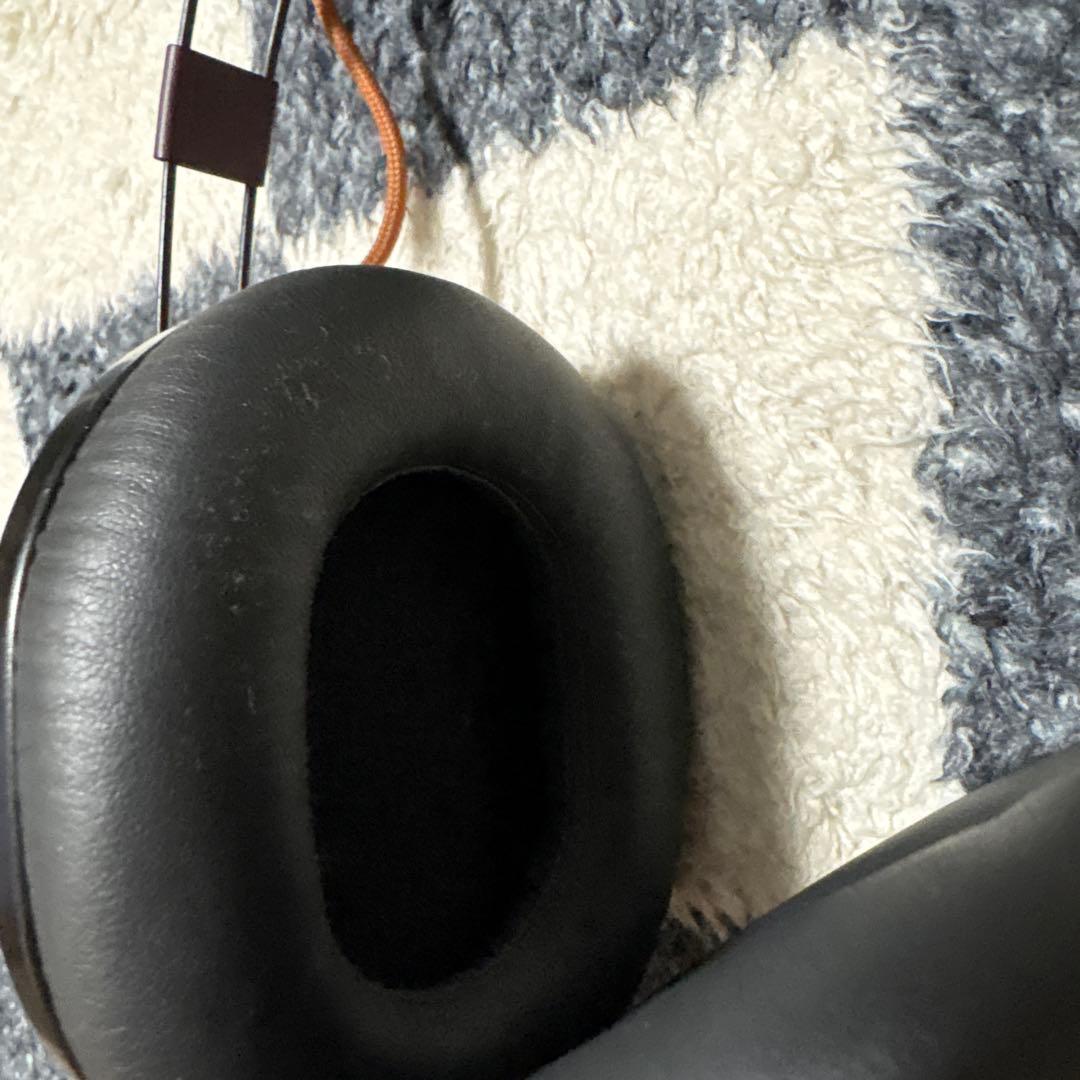 Panasonic RP-HTX80B ワイヤレスヘッドホン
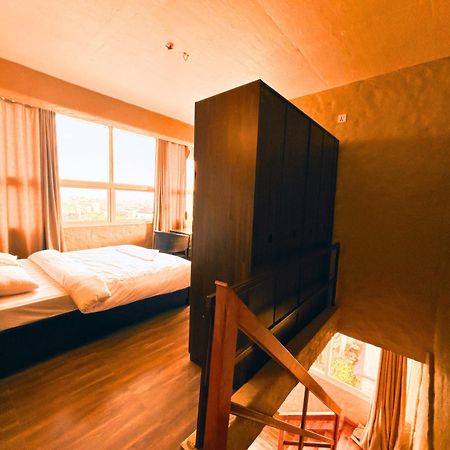 Nishan Apartments -Lakeside โพคารา ภายนอก รูปภาพ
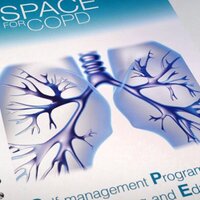 SPACEforCOPD (@spaceforcopd) 's Twitter Profile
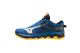 Mizuno Wave Mujin 9 (J1GJ227001) blau 1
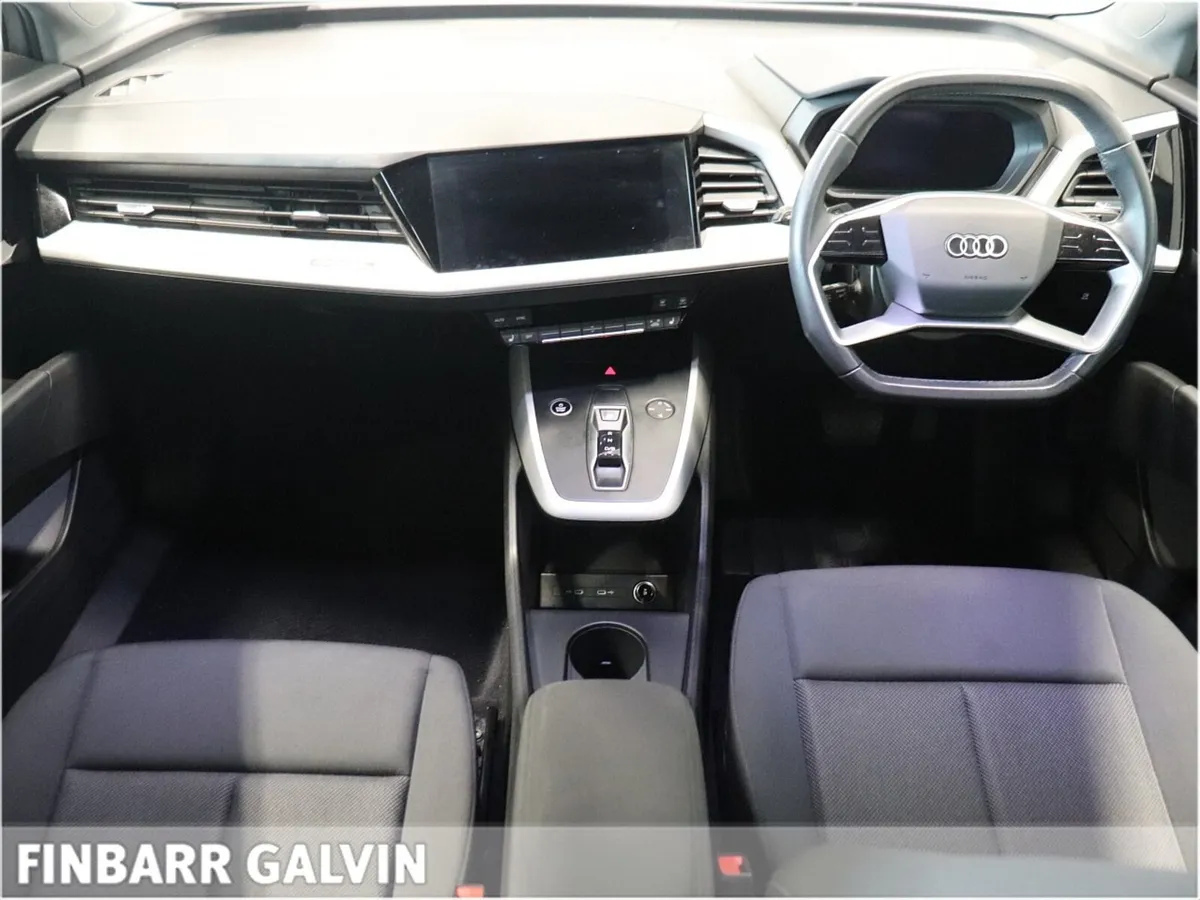 Audi e-tron 35 ADVANCE - Image 4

Exercise instructions —
With the pictures dropped, give every entry above again exactly.

Exercise output —
 Panasonic RP-HTX80B ワイヤレスヘッドホン
 Nishan Apartments -Lakeside โพคารา ภายนอก รูปภาพ
 SPACEforCOPD (@spaceforcopd) 's Twitter Profile
 Mizuno Wave Mujin 9 (J1GJ227001) blau 1
 Audi e-tron 35 ADVANCE - Image 4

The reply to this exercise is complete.